It took several hours for Colonel Leasure to put all the pieces together, but by late afternoon, he was ready for his meeting with Nellie. He sent Private Stevenson to her cabin to summon her. Nellie had evidently been waiting, for they returned promptly. “Thank you, Private. Please wait in the passageway and see to it we are not disturbed. And no, don’t close the door! I have nothing to hide in here.” He motioned Nellie to a seat across the desk from him.
For a few minutes, he said nothing, nor did Nellie. Both seemed willing to let the other set the tone of the meeting. At last, Daniel spoke. “I’m disappointed in you, Nellie.”
“I’m sorry,” she said. “I had no idea bringing Cotton aboard the ship would set off this storm. I thought she would be quiet, and she doesn’t eat much. No one would have to know.”
“All of that is irrelevant,” the colonel said. “The point is, I asked you to do something, and you completely ignored me.”
“But I thought. . . .”
“It was not your place to have an opinion. I gave you a direct order, and I expected you to obey it.”
“I . . . I apologize. It was juvenile and silly of me, and I should have known better.”
“Yes, you should have. But it’s too late for you to apologize and expect me to pat you on your head and send you back to work.”

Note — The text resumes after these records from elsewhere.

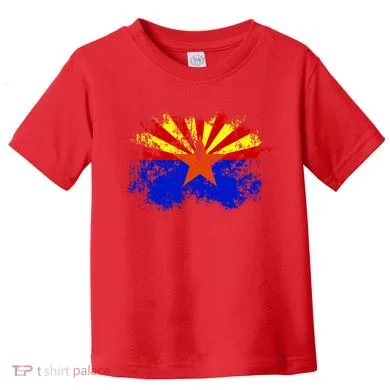 Toddler T-Shirt
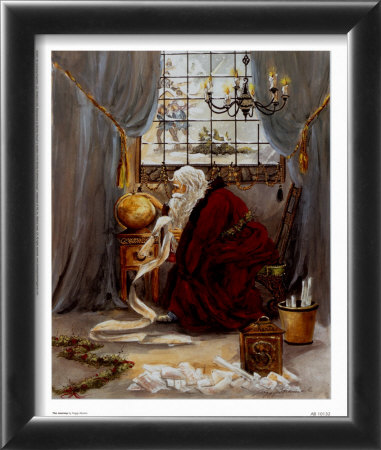Journey (Music) Framed Print Journey (Music) Framed Print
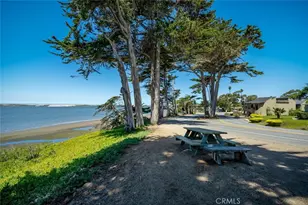 1408 3rd St, Los Osos, CA 93402 - Photo 33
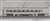 651系1000番台タイプ 「スワローあかぎ」 (7両セット) ★ラウンドハウス (鉄道模型) 商品画像6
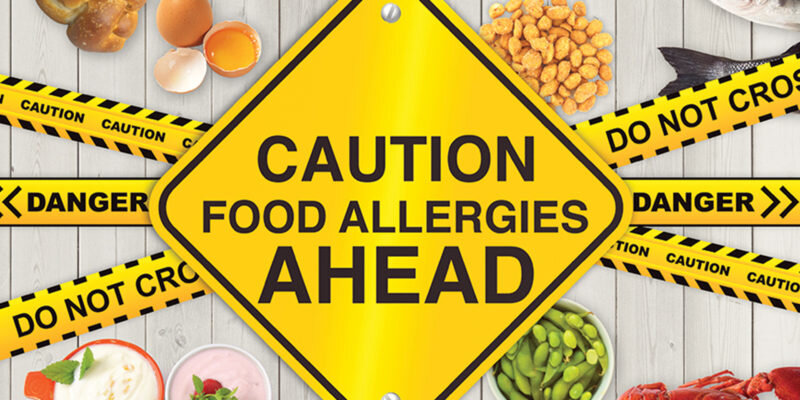 food allergy beware.jpeg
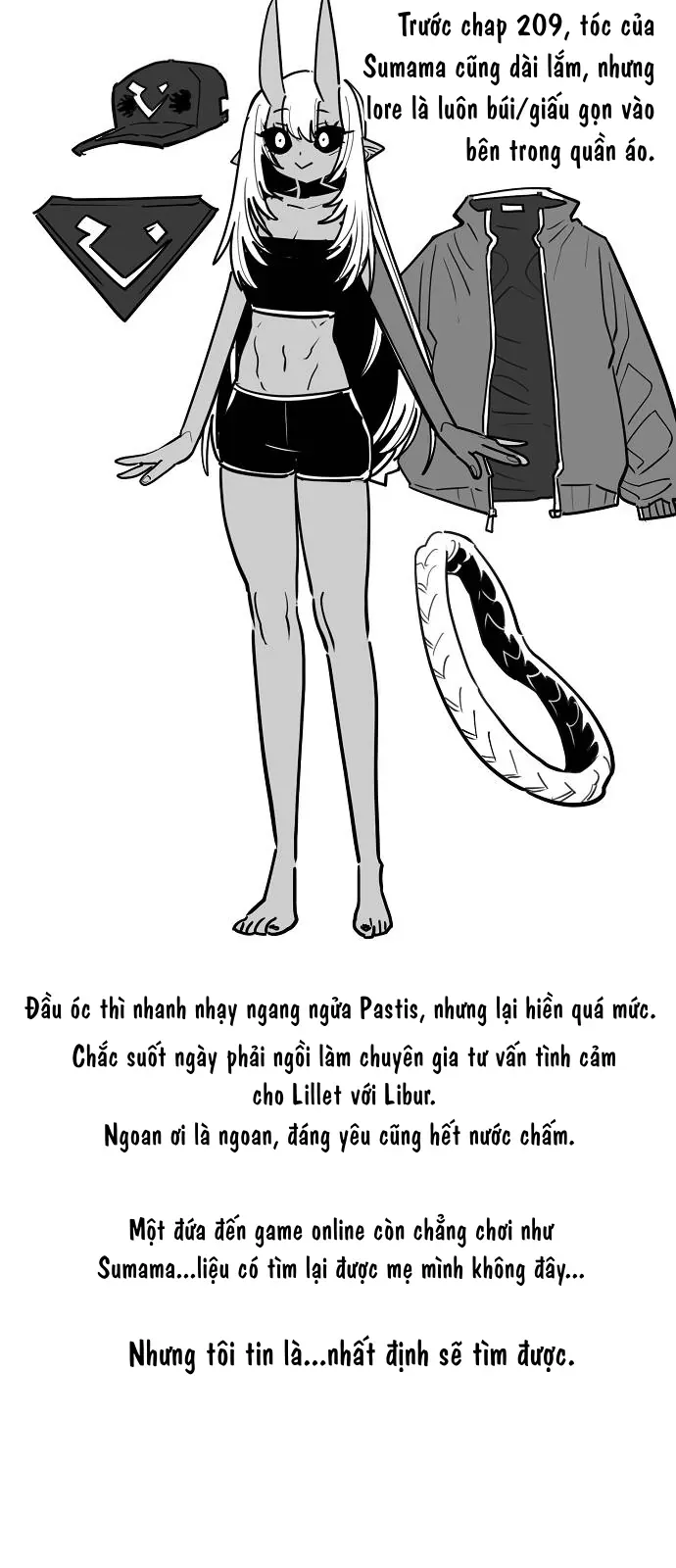 Chương 265 - trang 68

“You’re firing me.” It was a statement, not a question.
“Yes, I am. But first, I want to be sure you understand the damage you have caused.”
“I’m afraid I don’t understand. The kitten was in the passageway for only a couple of minutes. Mary and I would have caught her at the foot of the gangway, and no one would have been the wiser if General Stevens had not happened along at that moment. It was unfortunate timing, but I still don’t see the great harm it caused.”
“Don’t you? Well, let me enlighten you. On a ship this size, there are always observers. General Stevens has become a laughingstock among the men because he was frightened of a kitten. The story is being passed around even now, and every time it is repeated and embellished, he looks weaker and sillier. There’s the first piece of damage. Your actions have managed to destroy the respect a general deserves from his troops.”
“But it was hardly my fault he mistook. . . .”
“I don’t want to hear it. The second piece of damage occurred when the general confronted me on deck in front of who knows how many men. He called you my ‘lady friend’ and blamed me for letting you wrap me around your little finger. Among the terms he used to describe you were ‘impertinent,’ ‘pushy,’ and ‘undisciplined’. By the time he was through, he had confirmed every rumor, every accusation Robert Browne made against us. Now, my son tells me even the Roundhead soldiers believe we are somehow carrying on an affair under their noses. I have lost their respect and every bit of moral control I might have once held over them.”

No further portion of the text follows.